Task item
Transcribe the entries below exactly, starting with the line that has "101 Fletcher Unit" and stopping after the line that has "AN ANTIQUE ROUNDED"; no pictures belong in the copy.

Data to process
━━━

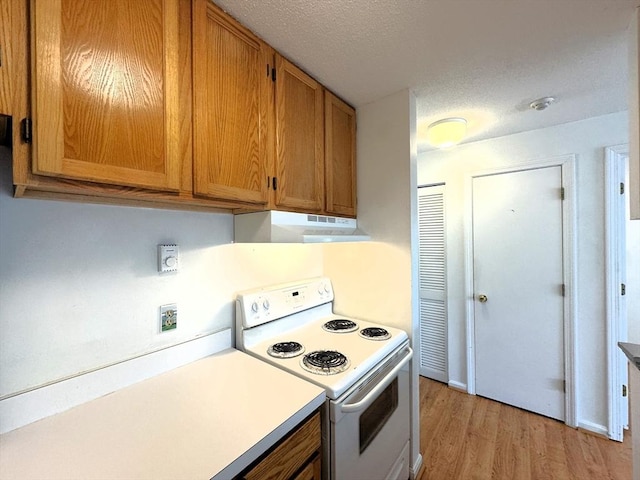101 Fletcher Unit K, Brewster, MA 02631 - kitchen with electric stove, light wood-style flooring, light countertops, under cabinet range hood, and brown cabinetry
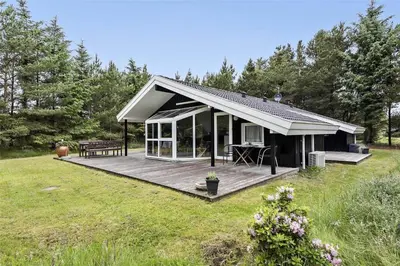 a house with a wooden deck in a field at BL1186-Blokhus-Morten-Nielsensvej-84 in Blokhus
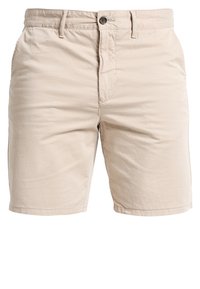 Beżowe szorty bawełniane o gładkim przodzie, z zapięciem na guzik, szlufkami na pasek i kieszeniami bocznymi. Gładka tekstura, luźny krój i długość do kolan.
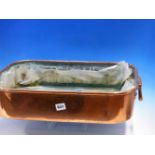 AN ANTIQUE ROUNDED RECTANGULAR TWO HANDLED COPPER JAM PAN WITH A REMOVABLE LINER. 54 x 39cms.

━━━

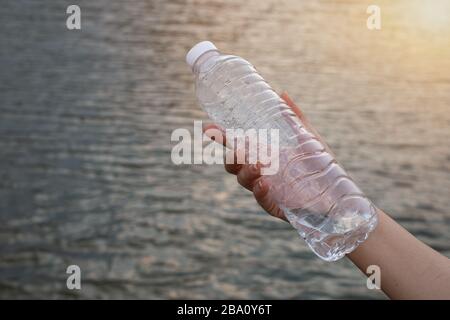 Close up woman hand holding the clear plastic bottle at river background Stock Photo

━━━

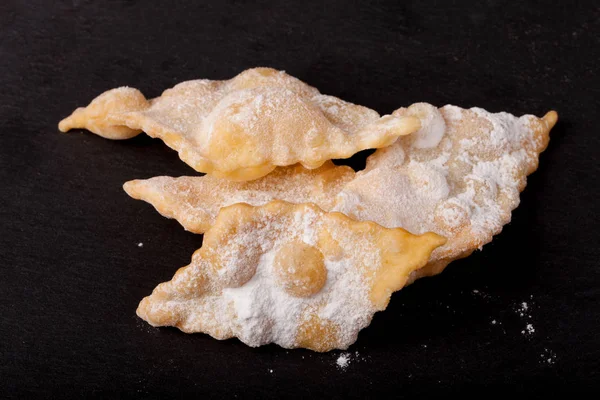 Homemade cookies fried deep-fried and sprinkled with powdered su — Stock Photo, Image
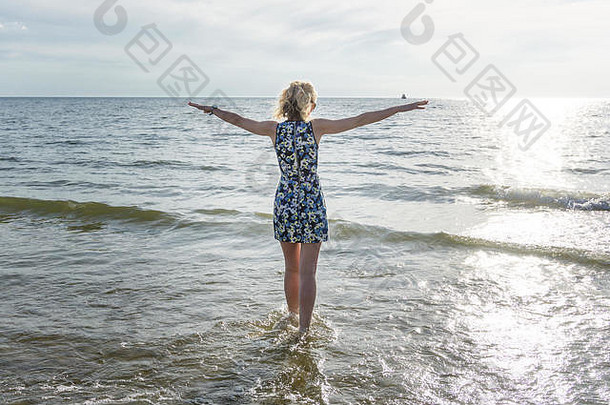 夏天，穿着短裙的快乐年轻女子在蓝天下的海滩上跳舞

━━━

Final answer
101 Fletcher Unit K, Brewster, MA 02631 - kitchen with electric stove, light wood-style flooring, light countertops, under cabinet range hood, and brown cabinetry
 a house with a wooden deck in a field at BL1186-Blokhus-Morten-Nielsensvej-84 in Blokhus
 Beżowe szorty bawełniane o gładkim przodzie, z zapięciem na guzik, szlufkami na pasek i kieszeniami bocznymi. Gładka tekstura, luźny krój i długość do kolan.
 AN ANTIQUE ROUNDED RECTANGULAR TWO HANDLED COPPER JAM PAN WITH A REMOVABLE LINER. 54 x 39cms.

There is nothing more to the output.